[What is being asked]: If pictures are present, leave them out, and copy the data word for word.

[Raw data]:

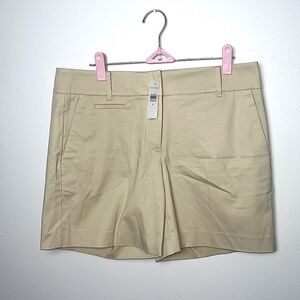 NWT! Ann Taylor Khaki The Metro Mid Rise Shorts 6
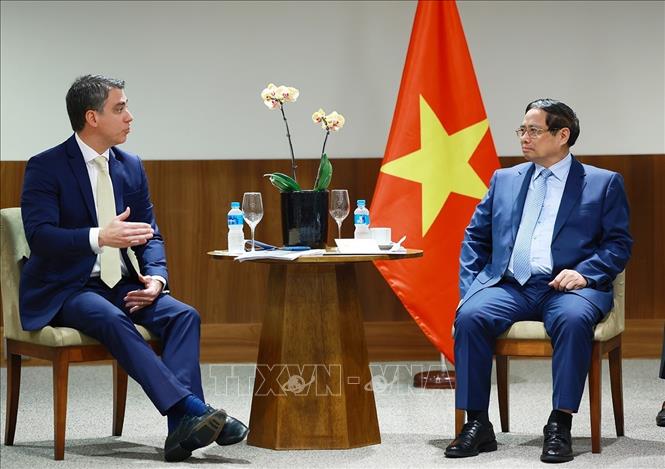 Thủ tướng Phạm Minh Chính tiếp lãnh đạo ông Daniel Lopes, Phó Chủ tịch Tập đoàn FS - tập đoàn chuyên sản xuất ethanol từ ngô, đồng thời là một trong những nhà sản xuất nhiên liệu sinh học carbon thấp hàng đầu khu vực Mỹ Latinh. Ảnh: Dương Giang-TTXVN 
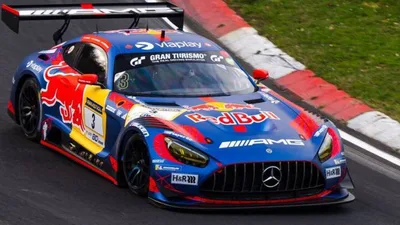 Falha no splitter tira Verstappen da liderança em Nürburgring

[Exercise output]:
 NWT! Ann Taylor Khaki The Metro Mid Rise Shorts 6
 Thủ tướng Phạm Minh Chính tiếp lãnh đạo ông Daniel Lopes, Phó Chủ tịch Tập đoàn FS - tập đoàn chuyên sản xuất ethanol từ ngô, đồng thời là một trong những nhà sản xuất nhiên liệu sinh học carbon thấp hàng đầu khu vực Mỹ Latinh. Ảnh: Dương Giang-TTXVN 
 Falha no splitter tira Verstappen da liderança em Nürburgring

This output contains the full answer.